Özel yaptığı açıklamada, "Bu düzenleme AKP iktidarınca son 12 yılda getirilen 6’ncı benzer düzenleme olacak. Daha bir yıl bile geçmeden benzer bir düzenlemenin getiriliyor olması, Türkiye’de ekonominin içler acısı halinin göstergesidir. Kayınpederinin bir esnaf lokantası işletir gibi kasanın başına damadını oturttuğu bir ülkede, ekonominin yapısal sorunlarının bu tür adımlarla çözülmesi mümkün değildir. Bu kayınpeder-damat görüntüsü, Türkiye ekonomisine güveni sıfırlamıştır. Çare bu tür geçici düzenlemelerle kara paranın Türkiye’ye getirilmesi değil, adalet ve demokrasinin tesis edildiği görüntüsünün verilmesidir. Kaçan yabancı yatırımların kara paranın getirilmesini teşvik eden bu tür düzenlemelerle telafi edilmesi mümkün değildir” ifadesini kullandı.

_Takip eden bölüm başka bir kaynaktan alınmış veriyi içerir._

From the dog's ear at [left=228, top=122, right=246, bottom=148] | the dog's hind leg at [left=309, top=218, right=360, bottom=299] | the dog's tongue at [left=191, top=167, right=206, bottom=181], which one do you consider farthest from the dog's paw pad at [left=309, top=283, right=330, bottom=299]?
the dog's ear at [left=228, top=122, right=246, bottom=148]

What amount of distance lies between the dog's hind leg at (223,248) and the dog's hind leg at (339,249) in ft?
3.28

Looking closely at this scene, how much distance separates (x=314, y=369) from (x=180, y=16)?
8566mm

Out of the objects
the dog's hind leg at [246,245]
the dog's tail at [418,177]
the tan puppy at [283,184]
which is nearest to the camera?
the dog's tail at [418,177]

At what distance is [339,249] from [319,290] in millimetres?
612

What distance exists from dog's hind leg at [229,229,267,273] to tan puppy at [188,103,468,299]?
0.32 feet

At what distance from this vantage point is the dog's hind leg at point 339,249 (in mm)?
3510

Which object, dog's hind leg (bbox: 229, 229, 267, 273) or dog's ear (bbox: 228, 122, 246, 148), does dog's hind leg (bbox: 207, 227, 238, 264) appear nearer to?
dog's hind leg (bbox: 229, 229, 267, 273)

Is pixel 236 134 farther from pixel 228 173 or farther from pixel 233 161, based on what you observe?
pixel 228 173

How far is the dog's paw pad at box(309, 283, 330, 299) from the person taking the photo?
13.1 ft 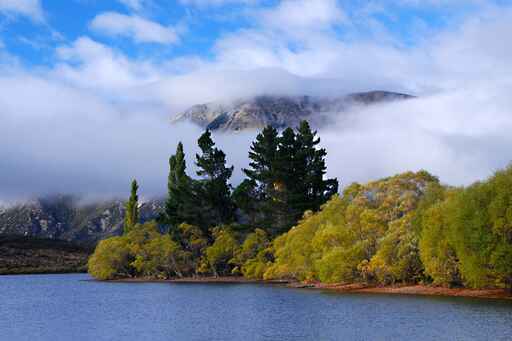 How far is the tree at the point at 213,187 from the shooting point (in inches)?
5576

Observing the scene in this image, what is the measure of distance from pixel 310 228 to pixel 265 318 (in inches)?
2031

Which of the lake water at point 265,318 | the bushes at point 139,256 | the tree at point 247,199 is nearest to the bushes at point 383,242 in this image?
the bushes at point 139,256

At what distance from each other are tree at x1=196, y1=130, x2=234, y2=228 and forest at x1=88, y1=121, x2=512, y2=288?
0.73ft

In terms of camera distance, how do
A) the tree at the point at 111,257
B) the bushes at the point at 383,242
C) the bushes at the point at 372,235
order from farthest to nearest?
the tree at the point at 111,257 → the bushes at the point at 372,235 → the bushes at the point at 383,242

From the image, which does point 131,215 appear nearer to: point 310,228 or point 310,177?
point 310,177

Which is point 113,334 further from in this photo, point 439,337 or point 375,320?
point 439,337

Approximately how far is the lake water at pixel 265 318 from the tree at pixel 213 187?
197ft

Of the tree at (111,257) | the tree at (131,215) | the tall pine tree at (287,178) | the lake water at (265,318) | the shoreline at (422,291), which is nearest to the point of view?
the lake water at (265,318)

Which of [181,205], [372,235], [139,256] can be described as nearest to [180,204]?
[181,205]

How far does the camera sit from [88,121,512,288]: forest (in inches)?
2778

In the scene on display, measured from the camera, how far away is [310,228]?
353 ft

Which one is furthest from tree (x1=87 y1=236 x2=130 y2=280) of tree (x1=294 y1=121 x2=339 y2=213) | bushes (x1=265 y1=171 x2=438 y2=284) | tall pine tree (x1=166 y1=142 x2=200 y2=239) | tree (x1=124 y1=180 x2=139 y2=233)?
bushes (x1=265 y1=171 x2=438 y2=284)

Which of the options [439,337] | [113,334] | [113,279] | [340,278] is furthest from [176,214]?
[439,337]

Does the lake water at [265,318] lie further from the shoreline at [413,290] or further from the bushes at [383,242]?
the bushes at [383,242] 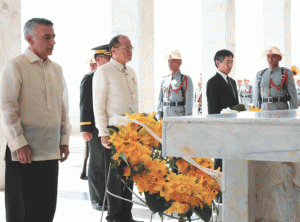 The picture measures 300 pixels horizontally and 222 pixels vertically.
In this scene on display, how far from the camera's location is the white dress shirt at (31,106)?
2.69 meters

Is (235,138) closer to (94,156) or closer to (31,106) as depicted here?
(31,106)

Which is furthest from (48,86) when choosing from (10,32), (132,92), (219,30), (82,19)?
(82,19)

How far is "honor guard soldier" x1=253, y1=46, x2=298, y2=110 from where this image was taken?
250 inches

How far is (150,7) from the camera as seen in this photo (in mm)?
6570

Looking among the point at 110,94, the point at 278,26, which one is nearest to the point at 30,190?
the point at 110,94

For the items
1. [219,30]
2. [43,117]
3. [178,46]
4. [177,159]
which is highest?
[178,46]

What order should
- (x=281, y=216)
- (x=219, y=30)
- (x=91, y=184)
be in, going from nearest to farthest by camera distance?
(x=281, y=216)
(x=91, y=184)
(x=219, y=30)

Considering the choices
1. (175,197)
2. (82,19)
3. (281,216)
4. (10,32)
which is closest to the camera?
(281,216)

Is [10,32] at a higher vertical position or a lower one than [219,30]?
lower

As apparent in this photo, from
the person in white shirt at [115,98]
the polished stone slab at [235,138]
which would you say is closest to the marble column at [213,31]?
the person in white shirt at [115,98]

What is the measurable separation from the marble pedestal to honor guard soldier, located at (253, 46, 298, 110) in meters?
5.29

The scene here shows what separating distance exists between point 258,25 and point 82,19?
11886mm

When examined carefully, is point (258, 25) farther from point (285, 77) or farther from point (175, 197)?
point (175, 197)

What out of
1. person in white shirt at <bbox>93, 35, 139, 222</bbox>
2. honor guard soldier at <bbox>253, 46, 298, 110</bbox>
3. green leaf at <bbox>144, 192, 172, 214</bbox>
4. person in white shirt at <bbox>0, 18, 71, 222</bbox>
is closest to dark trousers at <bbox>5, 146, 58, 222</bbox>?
person in white shirt at <bbox>0, 18, 71, 222</bbox> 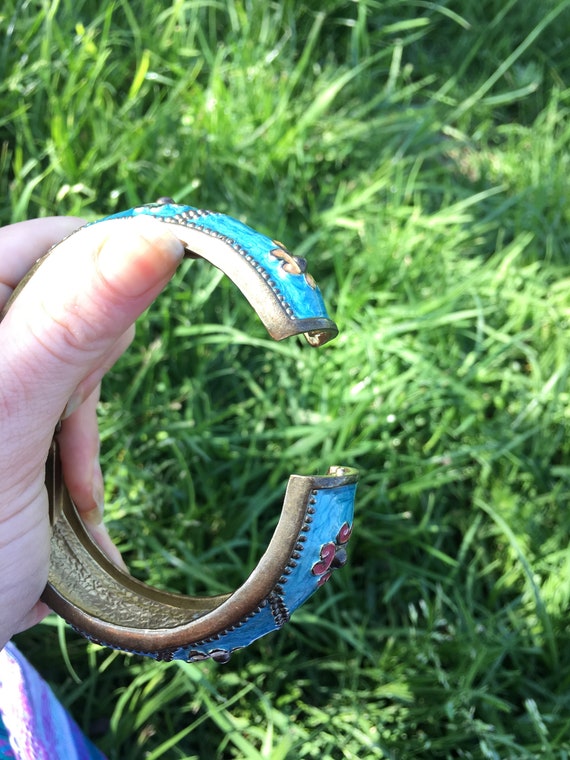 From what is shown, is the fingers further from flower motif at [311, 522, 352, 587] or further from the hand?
flower motif at [311, 522, 352, 587]

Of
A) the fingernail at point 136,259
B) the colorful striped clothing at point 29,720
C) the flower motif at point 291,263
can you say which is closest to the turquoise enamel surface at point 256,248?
the flower motif at point 291,263

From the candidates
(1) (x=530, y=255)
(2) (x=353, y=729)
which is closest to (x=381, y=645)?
(2) (x=353, y=729)

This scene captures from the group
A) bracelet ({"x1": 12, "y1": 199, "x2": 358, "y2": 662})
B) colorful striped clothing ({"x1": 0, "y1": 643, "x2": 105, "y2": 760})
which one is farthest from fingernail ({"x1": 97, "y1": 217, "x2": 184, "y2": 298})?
colorful striped clothing ({"x1": 0, "y1": 643, "x2": 105, "y2": 760})

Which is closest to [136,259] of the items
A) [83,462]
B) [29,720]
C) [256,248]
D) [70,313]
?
[70,313]

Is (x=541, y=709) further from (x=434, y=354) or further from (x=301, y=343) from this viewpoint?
(x=301, y=343)

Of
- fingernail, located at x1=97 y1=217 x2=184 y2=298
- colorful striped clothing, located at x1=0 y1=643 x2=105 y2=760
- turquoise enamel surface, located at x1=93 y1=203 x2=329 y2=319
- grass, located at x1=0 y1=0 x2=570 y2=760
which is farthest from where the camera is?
grass, located at x1=0 y1=0 x2=570 y2=760

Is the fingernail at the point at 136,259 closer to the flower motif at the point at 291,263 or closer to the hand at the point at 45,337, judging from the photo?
the hand at the point at 45,337

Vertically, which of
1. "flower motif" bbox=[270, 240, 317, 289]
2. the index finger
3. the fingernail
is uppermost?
the fingernail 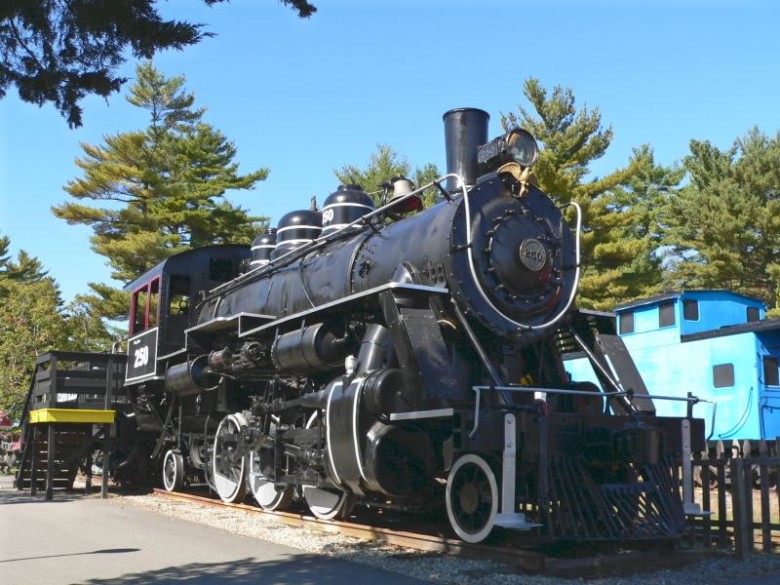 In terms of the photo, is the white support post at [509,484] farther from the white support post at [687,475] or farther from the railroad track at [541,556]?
the white support post at [687,475]

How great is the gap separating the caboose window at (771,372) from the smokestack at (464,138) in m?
8.91

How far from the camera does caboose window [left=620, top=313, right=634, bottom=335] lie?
57.2 feet

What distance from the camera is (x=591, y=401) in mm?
7801

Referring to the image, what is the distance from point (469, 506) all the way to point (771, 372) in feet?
33.8

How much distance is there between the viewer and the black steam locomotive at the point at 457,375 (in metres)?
6.57

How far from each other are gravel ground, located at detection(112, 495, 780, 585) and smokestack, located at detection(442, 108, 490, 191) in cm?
378

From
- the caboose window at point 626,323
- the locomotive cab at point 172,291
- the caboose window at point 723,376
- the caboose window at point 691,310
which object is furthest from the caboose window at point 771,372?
the locomotive cab at point 172,291

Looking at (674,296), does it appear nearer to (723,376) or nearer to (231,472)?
(723,376)

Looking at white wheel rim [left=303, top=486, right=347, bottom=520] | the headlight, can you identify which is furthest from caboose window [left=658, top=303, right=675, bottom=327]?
white wheel rim [left=303, top=486, right=347, bottom=520]

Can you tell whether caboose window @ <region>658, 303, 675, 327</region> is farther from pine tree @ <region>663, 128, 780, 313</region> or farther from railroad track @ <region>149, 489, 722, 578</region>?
pine tree @ <region>663, 128, 780, 313</region>

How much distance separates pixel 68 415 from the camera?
44.7 feet

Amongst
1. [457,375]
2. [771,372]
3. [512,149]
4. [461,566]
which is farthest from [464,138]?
[771,372]

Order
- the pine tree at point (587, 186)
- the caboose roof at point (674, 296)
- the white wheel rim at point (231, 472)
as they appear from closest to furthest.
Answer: the white wheel rim at point (231, 472) < the caboose roof at point (674, 296) < the pine tree at point (587, 186)

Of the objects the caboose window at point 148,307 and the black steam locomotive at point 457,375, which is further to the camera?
the caboose window at point 148,307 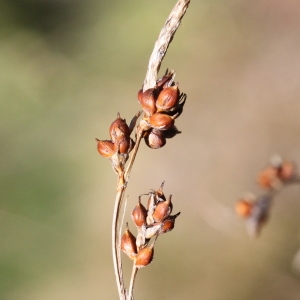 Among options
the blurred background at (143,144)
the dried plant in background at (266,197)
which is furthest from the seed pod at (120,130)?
the blurred background at (143,144)

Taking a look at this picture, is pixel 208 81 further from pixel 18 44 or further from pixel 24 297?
pixel 24 297

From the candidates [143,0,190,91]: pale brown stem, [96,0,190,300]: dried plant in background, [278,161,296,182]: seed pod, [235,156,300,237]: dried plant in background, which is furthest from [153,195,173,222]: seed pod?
[278,161,296,182]: seed pod

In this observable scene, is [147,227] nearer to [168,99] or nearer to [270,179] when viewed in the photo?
[168,99]

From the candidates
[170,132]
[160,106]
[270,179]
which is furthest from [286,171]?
[160,106]

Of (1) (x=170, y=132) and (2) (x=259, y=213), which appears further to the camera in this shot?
(2) (x=259, y=213)

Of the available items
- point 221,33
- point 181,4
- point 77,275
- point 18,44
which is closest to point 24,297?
point 77,275

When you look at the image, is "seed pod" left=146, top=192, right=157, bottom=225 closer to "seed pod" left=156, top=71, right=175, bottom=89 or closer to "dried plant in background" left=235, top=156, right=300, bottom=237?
"seed pod" left=156, top=71, right=175, bottom=89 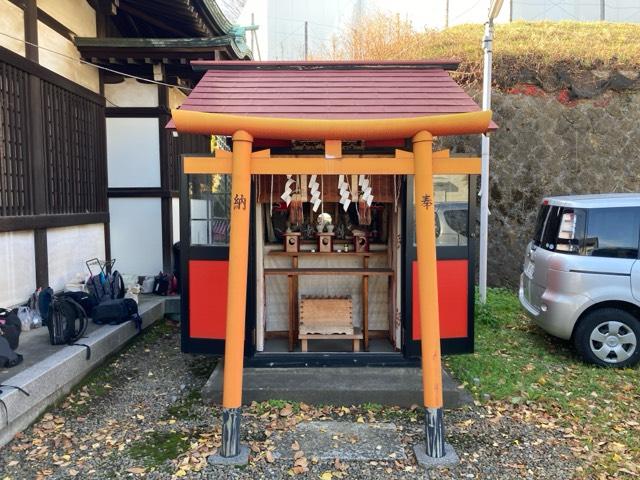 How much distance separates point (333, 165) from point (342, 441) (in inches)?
94.5

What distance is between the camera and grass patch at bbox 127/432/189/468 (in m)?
3.80

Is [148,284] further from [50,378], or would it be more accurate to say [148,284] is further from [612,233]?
[612,233]

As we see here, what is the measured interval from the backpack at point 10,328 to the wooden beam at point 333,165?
2934 mm

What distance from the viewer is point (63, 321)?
5301mm

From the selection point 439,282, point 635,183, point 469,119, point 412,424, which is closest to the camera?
point 469,119

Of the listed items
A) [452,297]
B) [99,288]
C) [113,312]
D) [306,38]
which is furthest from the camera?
[306,38]

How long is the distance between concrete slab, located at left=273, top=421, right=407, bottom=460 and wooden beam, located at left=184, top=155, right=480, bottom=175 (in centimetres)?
233

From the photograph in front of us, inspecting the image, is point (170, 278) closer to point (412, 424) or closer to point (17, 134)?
point (17, 134)

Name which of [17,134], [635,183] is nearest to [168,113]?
[17,134]

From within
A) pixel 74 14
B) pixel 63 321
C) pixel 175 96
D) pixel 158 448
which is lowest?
pixel 158 448

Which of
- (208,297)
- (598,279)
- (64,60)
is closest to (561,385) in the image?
(598,279)

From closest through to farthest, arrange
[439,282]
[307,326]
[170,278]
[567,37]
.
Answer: [439,282]
[307,326]
[170,278]
[567,37]

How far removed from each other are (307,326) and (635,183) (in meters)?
10.1

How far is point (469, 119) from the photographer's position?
3701 mm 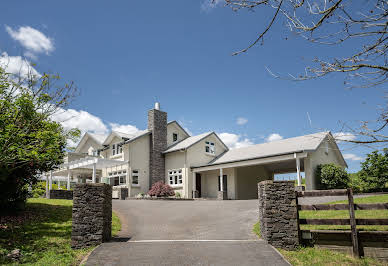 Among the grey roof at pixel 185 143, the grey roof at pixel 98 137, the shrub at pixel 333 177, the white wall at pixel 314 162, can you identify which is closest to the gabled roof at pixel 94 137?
the grey roof at pixel 98 137

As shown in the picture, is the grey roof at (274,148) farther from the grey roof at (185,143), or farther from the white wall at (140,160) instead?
the white wall at (140,160)

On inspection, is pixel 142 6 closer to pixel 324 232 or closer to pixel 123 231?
pixel 123 231

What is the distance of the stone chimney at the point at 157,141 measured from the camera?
1166 inches

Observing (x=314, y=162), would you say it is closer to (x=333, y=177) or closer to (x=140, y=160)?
(x=333, y=177)

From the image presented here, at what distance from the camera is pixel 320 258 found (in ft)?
25.8

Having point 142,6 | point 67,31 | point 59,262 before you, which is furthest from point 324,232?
point 67,31

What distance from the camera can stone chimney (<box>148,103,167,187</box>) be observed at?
1166 inches

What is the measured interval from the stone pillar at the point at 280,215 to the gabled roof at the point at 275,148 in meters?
13.1

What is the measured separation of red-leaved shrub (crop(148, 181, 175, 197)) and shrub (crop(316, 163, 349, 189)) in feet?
38.4

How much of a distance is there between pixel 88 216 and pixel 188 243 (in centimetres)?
289

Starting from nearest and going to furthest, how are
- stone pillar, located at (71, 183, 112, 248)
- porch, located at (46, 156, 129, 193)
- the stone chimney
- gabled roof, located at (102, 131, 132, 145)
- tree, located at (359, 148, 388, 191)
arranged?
stone pillar, located at (71, 183, 112, 248), tree, located at (359, 148, 388, 191), porch, located at (46, 156, 129, 193), gabled roof, located at (102, 131, 132, 145), the stone chimney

CHP’li Özel yaptığı yazılı açıklamada TBMM Başkanlığı’na sunulan torba kanun teklifiyle yurtdışında bulunan para, altın, döviz, menkul kıymet ve diğer sermaye piyasası araçların 30 Haziran 2021 tarihine kadar Türkiye’deki banka veya aracı kuruma bildiren gerçek ve tüzel kişilerin bu varlıkları serbestçe tasarruf etmelerinin mümkün hale getirildiğini belirtti. Özel, “Gelir Vergisi Kanunu’na bir geçici madde eklenmesiyle gerçekleştirilen bu düzenleme, Adalet ve Kalkınma Partisi iktidarınca son 12 yılda getirilen 6’ncı benzer düzenleme olacak. Henüz Temmuz 2019’da, bu düzenlemenin aynısı 31 Aralık 2019’a kadar süre tanınarak Türkiye Büyük Millet Meclisi’nden geçirilmişti. Daha bir yıl bile geçmeden benzer bir düzenlemenin getiriliyor olması, Türkiye’de ekonominin içler acısı halinin göstergesidir. Kayınpederinin bir esnaf lokantası işletir gibi kasanın başına damadını oturttuğu bir ülkede, ekonominin yapısal sorunlarının bu tür adımlarla çözülmesi mümkün değildir” dedi. Özel, “Bu kayınpeder-damat görüntüsü, Türkiye ekonomisine güveni sıfırlamıştır. Çare bu tür geçici düzenlemelerle kara paranın Türkiye’ye getirilmesi değil, adalet ve demokrasinin tesis edildiği görüntüsünün verilmesidir. Kaçan yabancı yatırımların kara paranın getirilmesini teşvik eden bu tür düzenlemelerle telafi edilmesi mümkün değildir. Son verilere göre son 5 yılda yabancı sermayenin Türkiye’ye doğrudan yatırımları yüzde 54 oranında azalmıştır. 2017 yılında 117 milyar dolar olan yabancıların Türkiye’deki portföyü, Ekim 2020’de 57 milyar dolara kadar gerilemiştir. Son 3 yılda 60 milyar dolarlık doğrudan yabancı yatırım ülkeden kaçmıştır. Böylesi bir ortamda pansuman tedbirler yerine ekonomide yapısal reformlar ve adalete duyulan güvenin sarsılmadığı bir yönetim anlayışı şarttır. Ancak Adalet ve Kalkınma Partisi’nin bunu gerçekleştirebilmesi mümkün gözükmemektedir” ifadesini kullandı. Özel, şunları kaydetti:
BU MADDE EKONOMİK KRİZİN ORTASINDA OLDUĞUMUZU GÖSTERİYOR
“İlki 2008 yılında yapılan benzer düzenlemelerin 6’ncısıyla karşı karşıyayız. Bundan önce yapılan düzenlemelerden istenen sonuç elde edilemediği ortadadır. Kaldı ki iktidar partisi, bu düzenlemelerden elde ettiği sonuçları kamuoyuyla paylaşmamaktadır. Bu da şeffaflıktan uzak yönetim anlayışının bir eseridir. İktidar partisi, ilk olarak, bu düzenlemelerden elde edilen sonuçları kamuoyuyla paylaşmak zorundadır. Bu düzenlemenin sık aralıklarla tekrarlanması, ekonomide bir krizin tam ortasında olduğumuzu göstermektedir. Ancak ekonomik istikrarın ve güvenin bir olmadığı bir ülkede, bu maddeden amaçlanan faydanın sağlanması hayaldir. Bu tür düzenlemelerin sıklığı ve adeta bir alışkanlık haline getirilmiş olması, ülkedeki vergi sistemine, kayıt dışı ekonomi ile mücadeleye ve kara paranın aklanmasının önlenmesine zarar vermektedir.”